And that's enough to get a laugh out of Billy. Not just any laugh, either, but Teddy's favourite Billy-laugh. The one that sounds relaxed and self-conscious all at once, like Billy is actually pleased that Teddy's calling him on his stupidity, like Billy's pleased he's got Teddy around. Even though Billy can't see him, Teddy ducks his head and smiles a little bashfully.

"Okay," Billy says, and his voice still has laughter caught in it. "The thing is I think my Econ prof wants to eat my liver, and I don't even know why I am doing this. Why am I doing this, T?"

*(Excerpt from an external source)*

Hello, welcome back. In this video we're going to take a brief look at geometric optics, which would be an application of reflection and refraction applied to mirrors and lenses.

Teddy picks up his laptop in one hand, careful not to break it, and pushes out of his chair. He takes a few backwards steps until he can tumble gently back onto his bed and then settles in, curling around his laptop and letting his chin rest on his left hand. "That's what I've been asking all along," he says finally.

---

They'd had the talk two days before Teddy left for California with Billy perched anxiously on the foot of his bed, hands twisting into complicated knots in his lap, carefully avoiding the phrase "breaking up." Kate and Eli had already decreed that the team would have a once-a-semester NYC meeting, just to make sure that the world didn't need saving before finals and that Tommy had not managed to get arrested in the interim. But the question of what all this would mean for Billy and Teddy, emphasis on the and, had lingered and lingered, to the point where Teddy had started to wonder if Billy even realized it was an issue at all.

"So, we don't have to... We're not. This isn't" was how Billy had chosen to start the conversation. The dip of his eyebrows, the furrow in the middle, all suggested that this was more statement of fact than request for confirmation, but Teddy could hear the question in his voice, so he pulled up a little straighter and tried to look certain in return.

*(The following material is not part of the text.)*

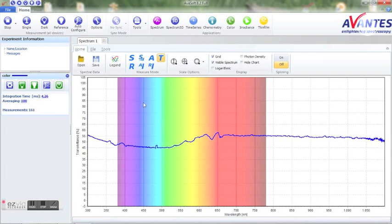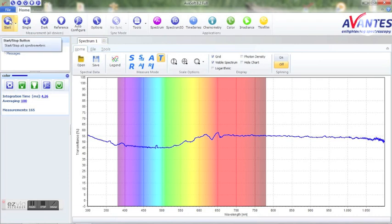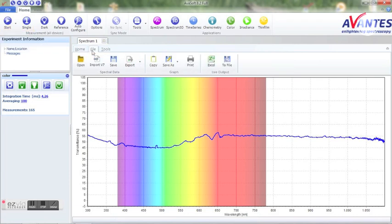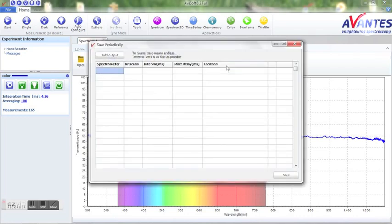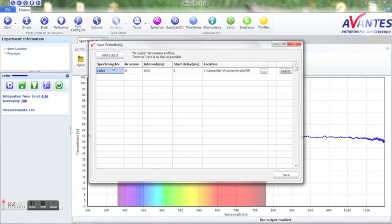Stop the measurement and go to the file tabular in the spectrum window. Select live output to file. A window will open. By choosing add output, you can select the spectrometer from which you want to record the transmission spectra.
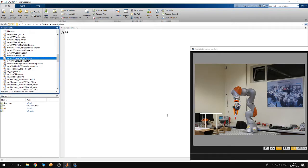Hello guys, welcome to a new tutorial about the KUKA Sunrise Toolbox. In this tutorial I'm going to be explaining the linear motion functions that are provided by the toolbox. The toolbox allows you to move the end effector of the robot on a line. There are three functions provided by the toolbox to do this motion.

"Nah," he said. "No way. We've survived worse, right?"

A war, an invasion, twenty-four individual attempts on Teddy's life, Billy's seemingly endless stint in jail, nearly being erased from the time stream. Teddy could see the calculations passing over Billy's face and wondered what it was about college that made it seem so huge that calculations were even necessary. But then Billy's shoulders eased, and he smiled.

"Yeah," he replied. "This'll be cake."

---

By the middle of September, it doesn't feel like cake, though. By the middle of September, it feels like every minute he's away from the keyboard is a minute that's being wasted, and every thing that happens to him is recorded in his brain only so that he can recount it to Billy later, in the evenings, when he finally gets out of his three hour night class on Global Security After the Cold War.

It's a feeling that follows him around much longer than he'd like, like a faint itch just under his skin, a creeping, vague dissatisfaction that his life has been reduced to a series of anecdotes, and even the ever-mounting piles of readings and lab reports and flyers for social events don't really displace it.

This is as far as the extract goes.